··· The records ···

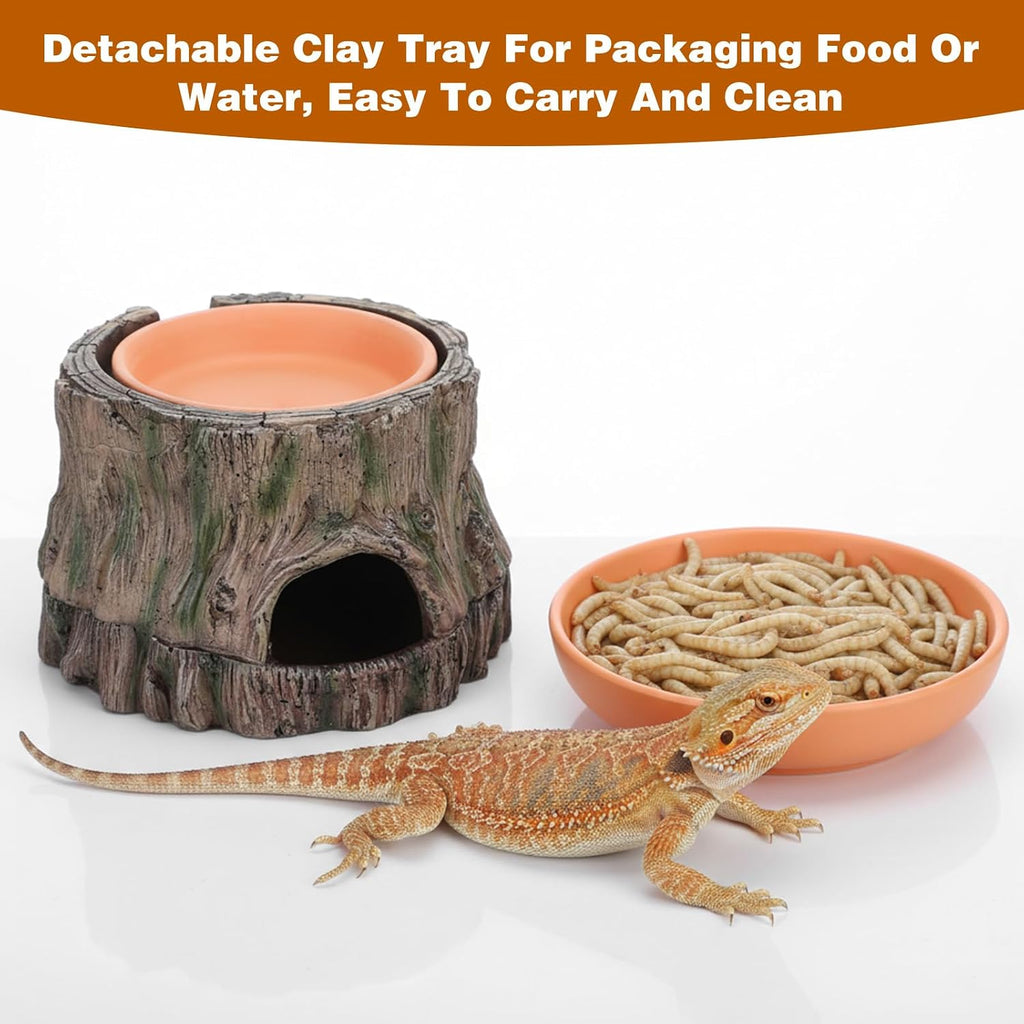 3 in 1 Reptile Hide Cave with Detachable Base & Humidity Dish, Essential Terrarium Decor for Crested Gecko, Leopard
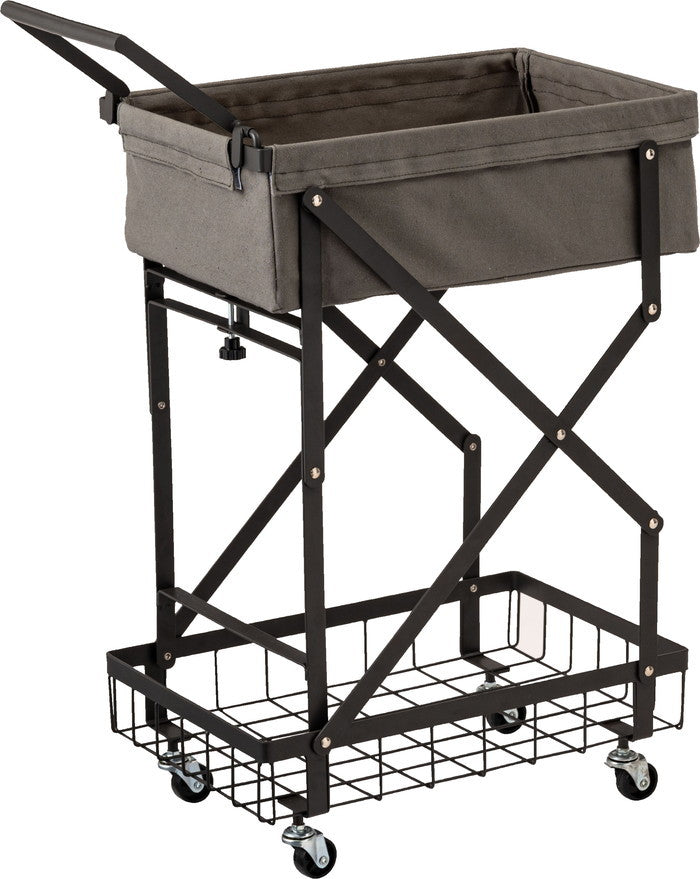 フォールディングワゴン ダークグレー ホワイト W31.5×D56.5×H77  折りたたみ 折り畳み azu-mip-19の画像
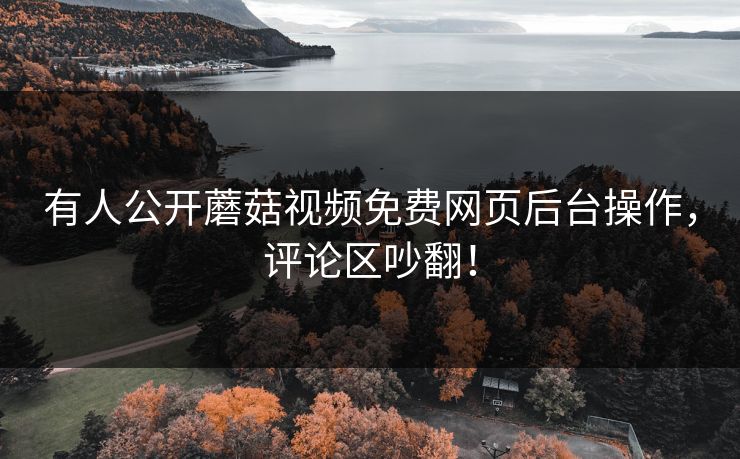 有人公开蘑菇视频免费网页后台操作，评论区吵翻！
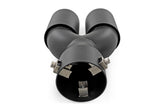 Exhaust Tip | Black | Red RC Logo | 2.5-3 Inch Pipe Single Inlet | Dual Outlet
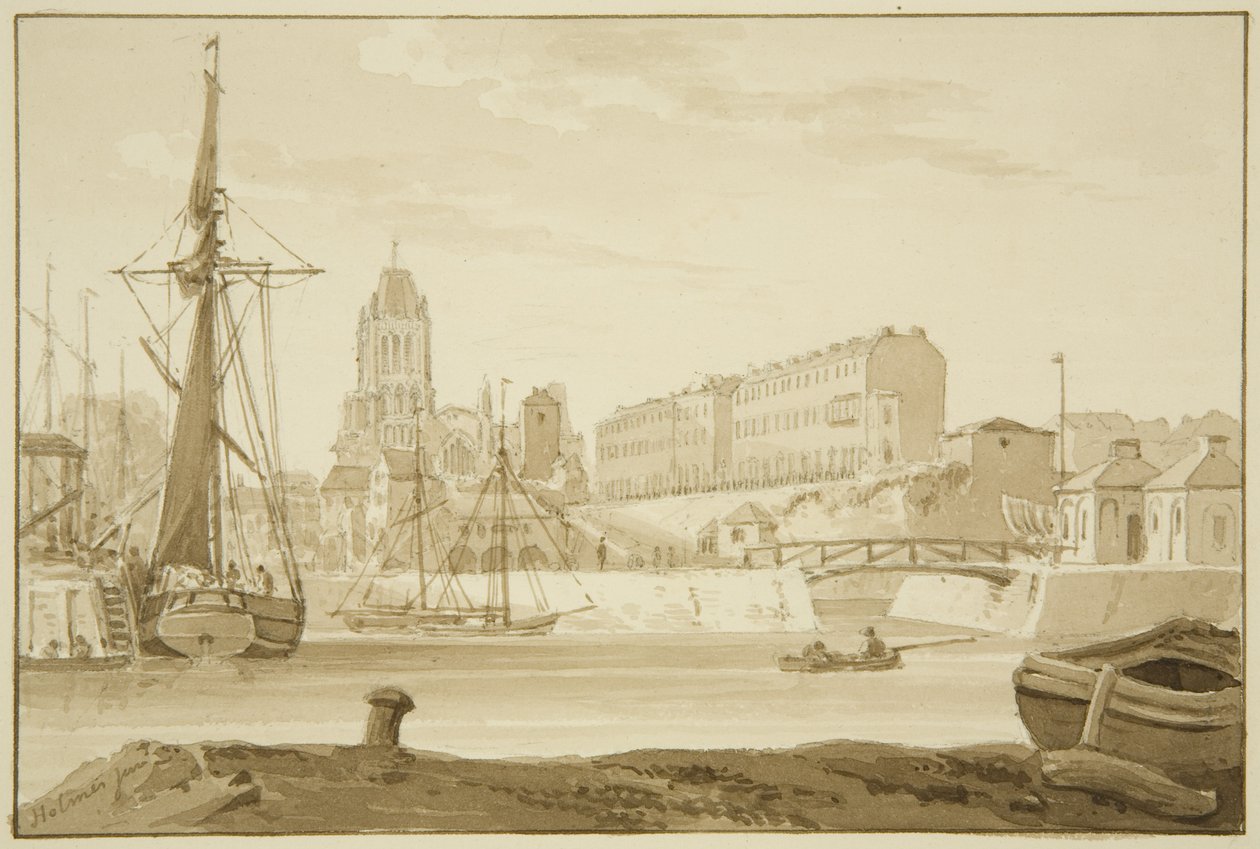 Redcliffe Church en Redcliffe Parade vanaf de zeebanken, met de tolhuizen van de Prince Street Bridge door Marcus H. Homes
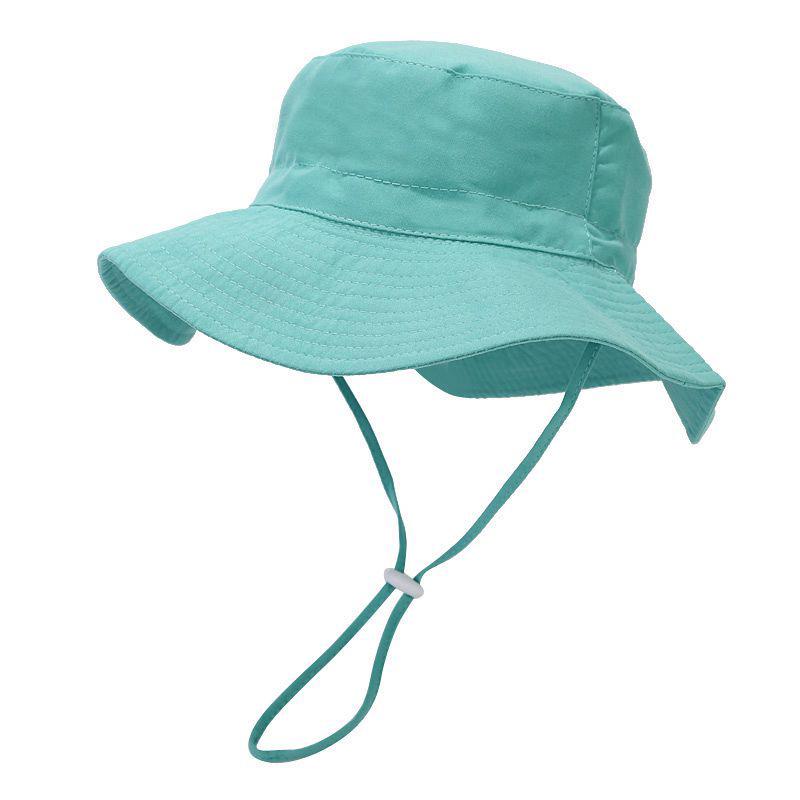 New Solid Color Kids' Bucket Hat with Windproof Rope: Breathable, Foldable, and Sun-Protective for Summer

···

— Work required —
In the records above, find the line with "Exhaust Tip |". Print exactly from there through the line with "Redcliffe Church en", minus the pictures.

— Reply —
 Exhaust Tip | Black | Red RC Logo | 2.5-3 Inch Pipe Single Inlet | Dual Outlet
 Redcliffe Church en Redcliffe Parade vanaf de zeebanken, met de tolhuizen van de Prince Street Bridge door Marcus H. Homes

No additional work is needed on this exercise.